Given all the other things I like, it should come as no surprise that the wrestling I love most is disreputable wrestling. Wait, you might say, all wrestling is disreputable. That’s true, but some kinds of wrestling are more disreputable than others among reputable wrestling fans. And it is absolutely predictable that I would go for the kind of wrestling least respected by wrestling bloggers, vloggers, online discoursers, and journalists. I am, as usual, bored by “realism.” I like my wrestling artsy, conceptual, indie-flavored, wondrous and weird.

I did watch more reputable wrestling for a time. I even got a literary award in college for talking about wrestling as American myth. (I could not have foreseen how much wrestling explains so much of current American politics, though). I watched WWE / WWF in the Attitude Era and into the 2000s, basically as long as the Undertaker was sacrificing people, Kane was rampaging, the Rock smelled what everyone was cooking, and Mankind / Mick Foley overwhelmed opponents with his sock puppet friend Mr. Socko’s Mandible Claw. But the WWE took a new direction with less classic wrestling hair, more booty shorts, and more technical wrestling, and I moved on. Now I just can’t go back because I just can’t with the McMahons.
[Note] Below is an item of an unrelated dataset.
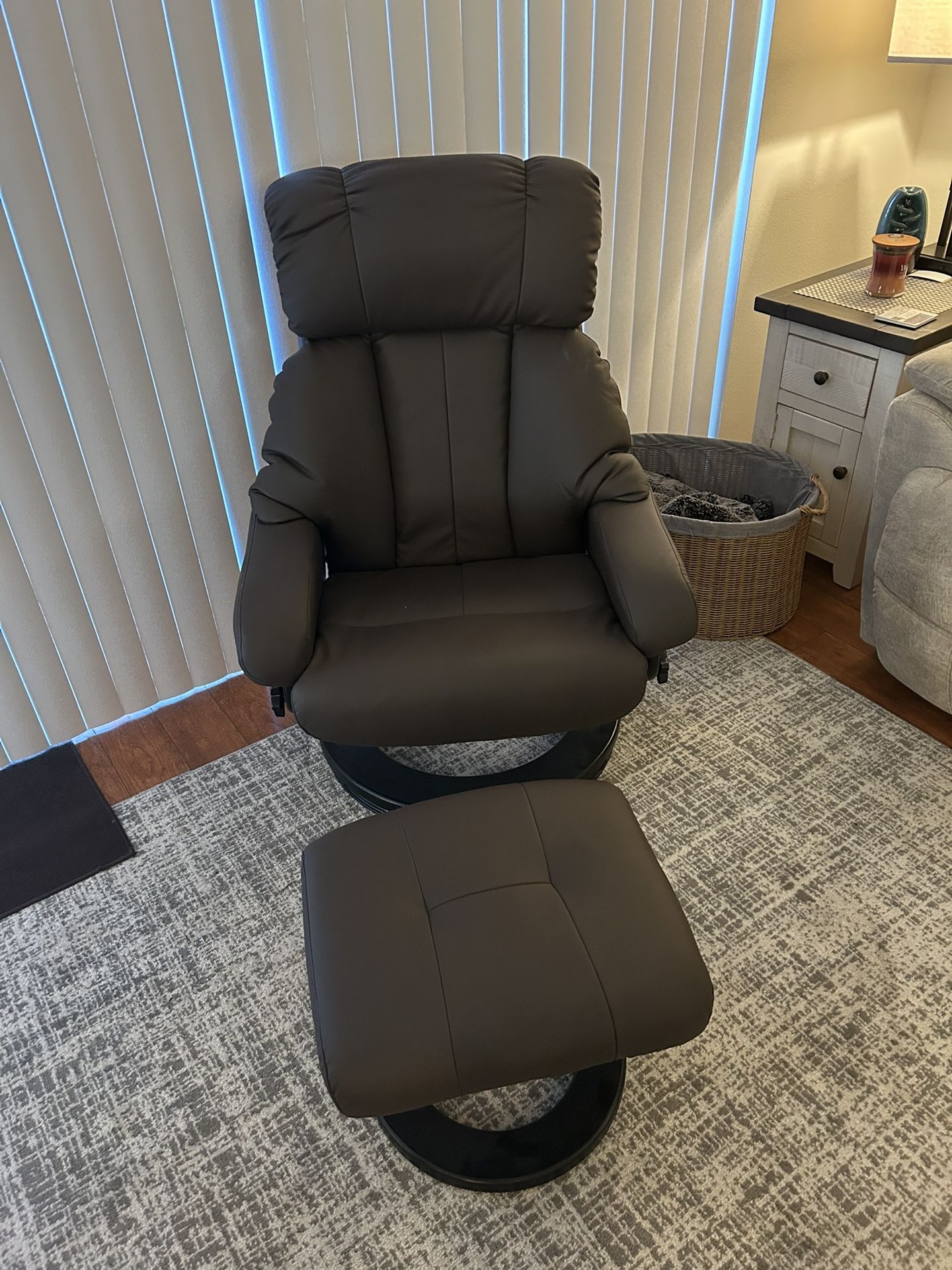 Massage Recliner / Swivel Chair With Ottoman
So I watched what Kaiju Big Battel I could—wrestling matches that were between towering giant monsters, mad scientists, aliens and henchmen over cityscapes threatened by their titanic struggle. I watched a little of Mexico’s Lucha Libre AAA when I could find it. I remember an interview with Electroshock and the late La Parka in his skeleton suit, sitting on stools as the interviewer tried to resolve their differences peacefully. They didn’t, but I wished more American and Canadian wrestling had interviews with guys in skeleton suits.

Electroshock, in an amazing human muscle suit, gives La Parka Negra the business as La Parka watches. To the left is Rey Fénix, who also wrested for Lucha Underground and currently wrestles in AEW. Photo by López Mateos.

Then I discovered El Rey Network’s Lucha Underground (2014-18), conceived of and co-produced by filmmaker Robert Rodriguez. I enjoyed the mix of stories and athletic feats—the leaping, the flipping, the wrestlers from space and the underworld, and Dario Cueto (Luis Fernandez-Gil), a shady manager with a suitcase full of cash running an underground wrestling ring in an abandoned warehouse in Boyle Heights. Even better, there was an overarching storyline wherein the warehouse was literally a temple and the wrestlers’ matches were blood sacrifices to awaken an ancient Aztec god. Lucha Underground was everything I wanted in wrestling—a fine mix of wrestling, horror, telenovela and science fiction. Lucha Underground had bands play at their taping, and I even discovered some music I liked. But one day, Lucha Underground faded away into the mists of eternity. Well, not quite. Elements of Lucha Underground continued in Major League Wrestling’s Azteca Underground on MLW’s YouTube channel, but it wasn’t the same. Still, I am sad that I’ll never find out what will happen after Dario Cueto returned from the dead.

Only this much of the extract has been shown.